*Task description:*
Beginning with the line that holds "Tỷ lệ nảy mầm" and ending with the last line of the entries, please output each line exactly, apart from any pictures.
§ §
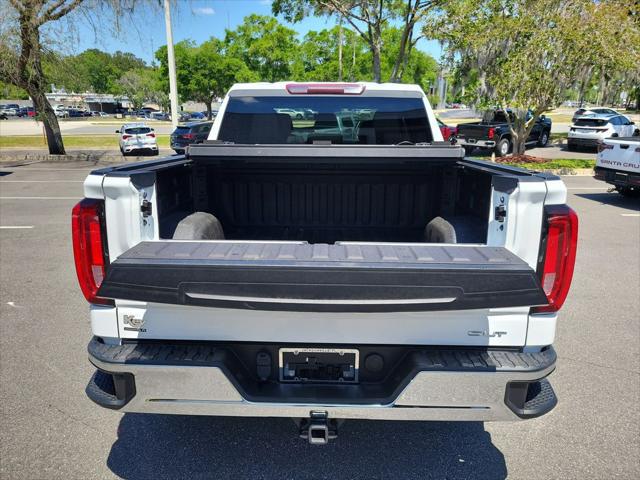 2024 GMC Sierra 1500 2WD Crew Cab Short Box SLT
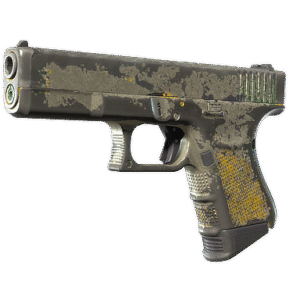 Glock-18 | Glockingbird (Battle-Scarred)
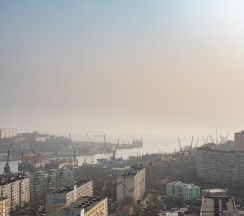 2-комнатные апартаменты улучшенные 13 этаж в TopHouse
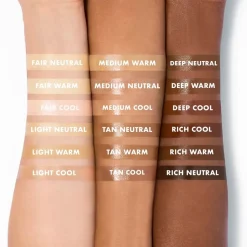 e.l.f. Halo Glow SPF50 12 Tan Cool Skin Tint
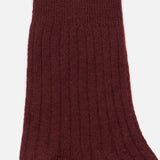The Elder Statesman Cashmere Trouser Socks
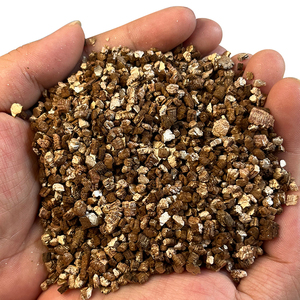 Tỷ lệ nảy mầm cao làm vườn vermiculite mở rộng hạt giống bắt đầu trung bình cho hydroponics vô trùng phát triển vườn đồ trang trí - Product Image 4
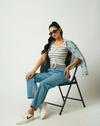 Skinny Fit Cargo Pants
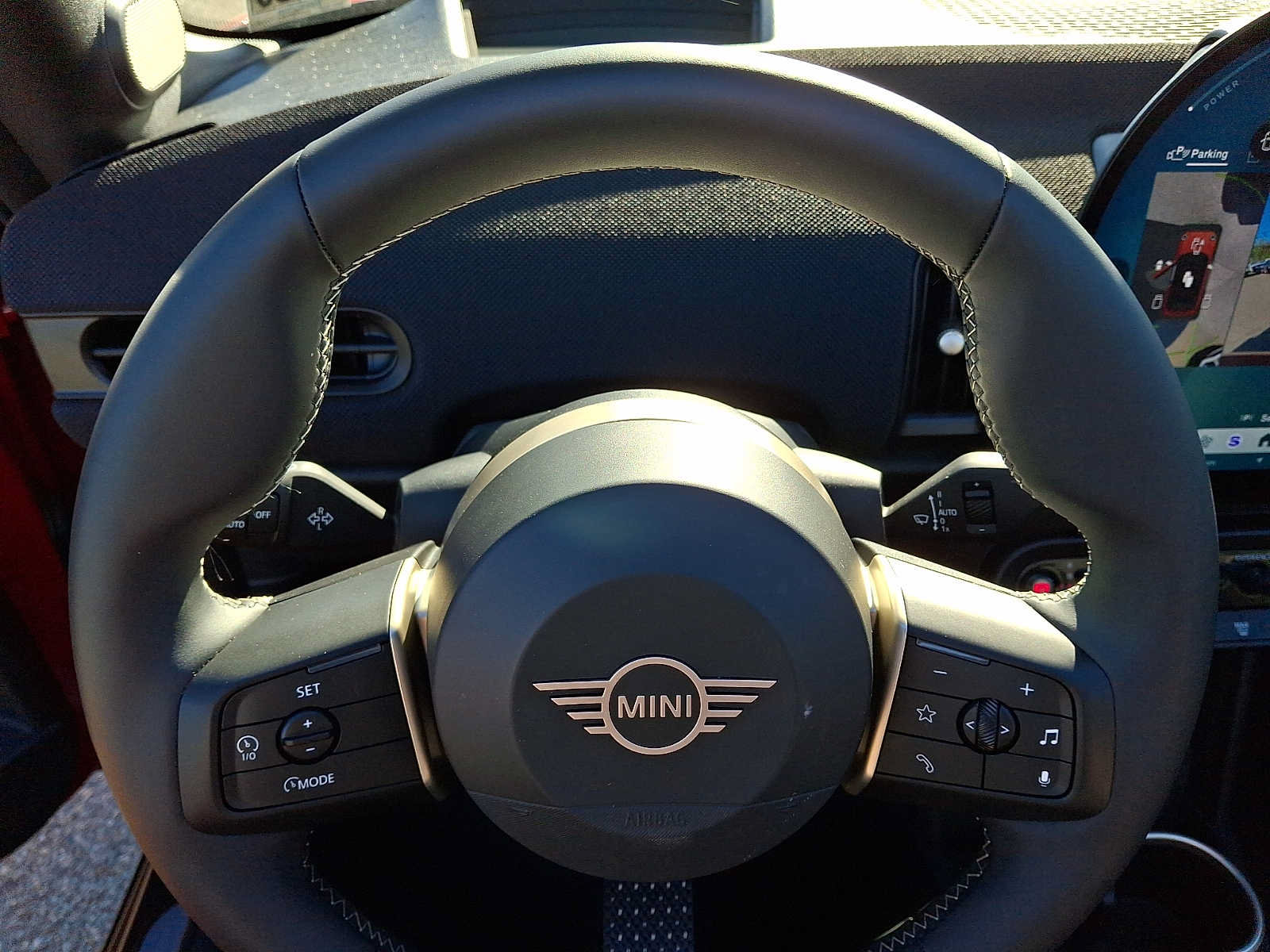 Used 2026 MINI Cooper Convertible FWD image 18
§ §
*Solved problem:*
 Tỷ lệ nảy mầm cao làm vườn vermiculite mở rộng hạt giống bắt đầu trung bình cho hydroponics vô trùng phát triển vườn đồ trang trí - Product Image 4
 Skinny Fit Cargo Pants
 Used 2026 MINI Cooper Convertible FWD image 18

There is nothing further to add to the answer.